Dans le même temps, il serait intéressant d’étudier les procédés lexicaux, syntaxiques et rhétoriques avec lesquels la langue dit (ou ne parvient pas à dire) un traumatisme. Quelles transformations stylistiques, quelles précautions oratoires, quelles ressources linguistiques ou quels silences exige le transfert en signes ? Il peut être utile également d’interroger l’articulation de l’écriture de soi (autobiographie) dans une situation-limite avec l’écriture de l’Histoire[6] pour faire la lumière sur certaines modalités d’existence des traumatismes collectifs au XXe siècle, comme le déni, l’instrumentalisation ou le refoulement[7].
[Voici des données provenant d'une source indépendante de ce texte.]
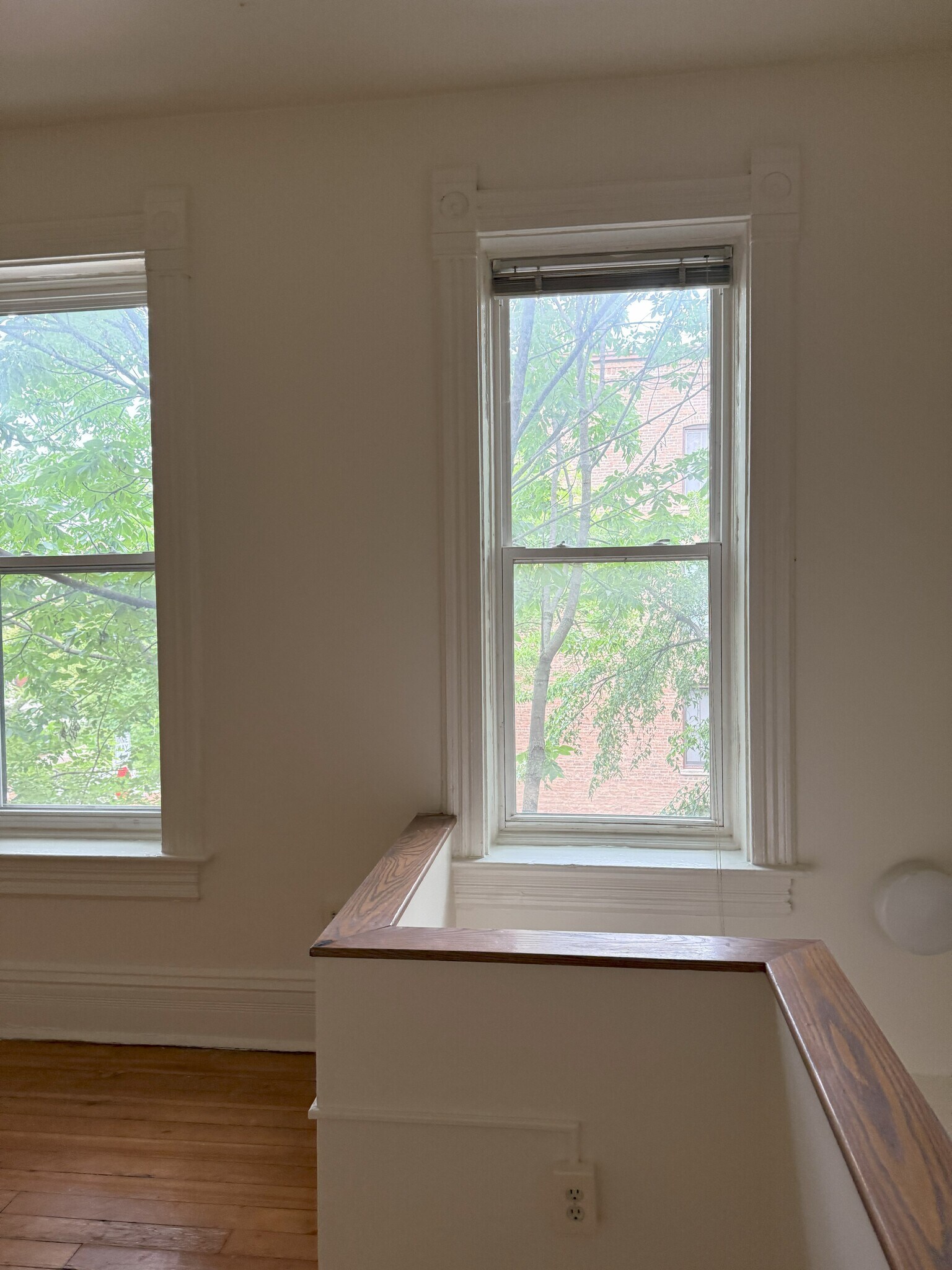 top of landing - 2059 N Clifton Ave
S’il est possible de raconter un traumatisme, cela signifie que le sujet a survécu au choc subi : aussi peut-on mettre en relation le concept avec les notions de victime, de faute et donc d’expiation, notions allant souvent de pair avec l’idée de la survie d’un sujet confronté à une situation extrême. D’autre part, la mise en textes et/ou la mise en images pourraient être assimilées à des archives à sauvegarder. Pourrait-on y voir ainsi un document collectif, puisque seul un énoncé peut entretenir la mémoire[8] ?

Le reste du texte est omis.